Richard Stone took the red chalk drawing of a horse by Giuseppe Cesari (1568-1640) and expanded and deconstructed it conceptually; he took the ornate frame, the red chalk, the horse and created a number of 3D tableaux which in all, mimic and recreate the light forward movement of the horse in the drawing. Aly Helyer maintains her familiar grasp of the surreal portrait, four of them created in response to the Abraham Bosse seventeenth century elemental portraits.

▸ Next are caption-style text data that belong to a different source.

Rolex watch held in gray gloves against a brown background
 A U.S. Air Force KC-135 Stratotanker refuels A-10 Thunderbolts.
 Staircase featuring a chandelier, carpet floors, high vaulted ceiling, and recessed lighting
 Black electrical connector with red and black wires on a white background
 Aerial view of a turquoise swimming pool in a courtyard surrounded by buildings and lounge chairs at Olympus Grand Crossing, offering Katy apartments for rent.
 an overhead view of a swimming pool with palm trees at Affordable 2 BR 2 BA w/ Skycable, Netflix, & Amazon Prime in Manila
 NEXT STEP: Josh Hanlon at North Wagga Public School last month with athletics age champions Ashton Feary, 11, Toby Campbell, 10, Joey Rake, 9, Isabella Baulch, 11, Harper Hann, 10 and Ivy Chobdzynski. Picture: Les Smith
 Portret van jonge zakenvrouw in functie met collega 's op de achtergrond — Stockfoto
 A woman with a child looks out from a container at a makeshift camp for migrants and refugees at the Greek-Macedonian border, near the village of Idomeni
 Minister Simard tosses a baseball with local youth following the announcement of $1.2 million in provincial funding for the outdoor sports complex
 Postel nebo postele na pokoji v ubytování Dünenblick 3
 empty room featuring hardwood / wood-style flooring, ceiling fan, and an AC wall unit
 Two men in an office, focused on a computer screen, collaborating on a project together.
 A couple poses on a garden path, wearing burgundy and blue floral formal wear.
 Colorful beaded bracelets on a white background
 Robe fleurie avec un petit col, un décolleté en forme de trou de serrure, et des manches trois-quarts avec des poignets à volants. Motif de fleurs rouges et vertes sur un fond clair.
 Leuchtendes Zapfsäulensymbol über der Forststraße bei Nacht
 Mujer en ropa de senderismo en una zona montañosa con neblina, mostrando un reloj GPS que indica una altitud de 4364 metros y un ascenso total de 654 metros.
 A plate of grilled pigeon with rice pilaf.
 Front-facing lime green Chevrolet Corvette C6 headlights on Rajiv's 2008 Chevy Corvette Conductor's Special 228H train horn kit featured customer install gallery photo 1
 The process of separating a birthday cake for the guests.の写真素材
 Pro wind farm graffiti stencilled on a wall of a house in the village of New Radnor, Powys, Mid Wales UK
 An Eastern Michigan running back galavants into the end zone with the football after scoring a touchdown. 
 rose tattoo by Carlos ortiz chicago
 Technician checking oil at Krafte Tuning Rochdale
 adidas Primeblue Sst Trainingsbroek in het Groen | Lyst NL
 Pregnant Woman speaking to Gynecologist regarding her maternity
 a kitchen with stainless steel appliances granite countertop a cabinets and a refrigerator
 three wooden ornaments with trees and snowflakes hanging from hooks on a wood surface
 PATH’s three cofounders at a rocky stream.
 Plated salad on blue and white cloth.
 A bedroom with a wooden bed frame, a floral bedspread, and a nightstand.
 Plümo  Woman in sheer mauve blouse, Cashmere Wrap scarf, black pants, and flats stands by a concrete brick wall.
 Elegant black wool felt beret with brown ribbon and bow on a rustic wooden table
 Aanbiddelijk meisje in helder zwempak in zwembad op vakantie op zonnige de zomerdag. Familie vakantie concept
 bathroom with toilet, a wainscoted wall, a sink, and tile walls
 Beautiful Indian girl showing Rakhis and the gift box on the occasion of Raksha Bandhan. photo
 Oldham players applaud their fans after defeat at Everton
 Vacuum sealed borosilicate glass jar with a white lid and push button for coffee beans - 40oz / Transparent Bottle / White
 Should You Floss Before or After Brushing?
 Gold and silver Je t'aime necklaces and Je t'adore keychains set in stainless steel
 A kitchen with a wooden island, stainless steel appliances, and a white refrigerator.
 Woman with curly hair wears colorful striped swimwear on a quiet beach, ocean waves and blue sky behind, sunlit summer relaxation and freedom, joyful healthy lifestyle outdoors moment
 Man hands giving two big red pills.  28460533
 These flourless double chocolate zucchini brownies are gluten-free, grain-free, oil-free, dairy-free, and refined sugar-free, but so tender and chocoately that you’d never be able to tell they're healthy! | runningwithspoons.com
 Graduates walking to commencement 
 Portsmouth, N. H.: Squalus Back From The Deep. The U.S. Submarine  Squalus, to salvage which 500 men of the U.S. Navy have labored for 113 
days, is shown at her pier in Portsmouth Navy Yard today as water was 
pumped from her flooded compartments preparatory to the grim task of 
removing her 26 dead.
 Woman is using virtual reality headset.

During the curator talk, Lucy stated that though there are many genres for ‘Old Master’ works, landscape, portrait, etc., contemporary art appears to have just one label; ‘contemporary’. This classic academy based artificial demarcation of genre or subject is not as important to artists working now as it was to artists in the past. But in an exhibition like this, the curators have to work with the traditional language of these drawings or the dialogue set up in this exhibition would risk being lost in translation. Therefore many of these commissioned pieces are examples of landscape or portrait, consciously echoing their source material – however this is as much curatorial choice as it is artistic.
What perhaps wasn’t expected was such a 'gothic' atmosphere. When I imagine fine seventeenth century etchings, chalk drawings, and a stunning Ludovico Carracci Madonna and child, I didn’t think I’d depart feeling quite so dark. The temporary Fiona MacDonald installation inspired by the Shoreham Ancients of the 1820s with the light supplied by the moon and the barn owl was suitably eerie. Ann-Marie James's astonishingly worked found book plates from the series 'Bernini and other studies' were arresting in their metamorphosing genius. Their art historical antecedents are obvious but they have a touch of Victoriana macabre; the smearing of faces is really disturbing.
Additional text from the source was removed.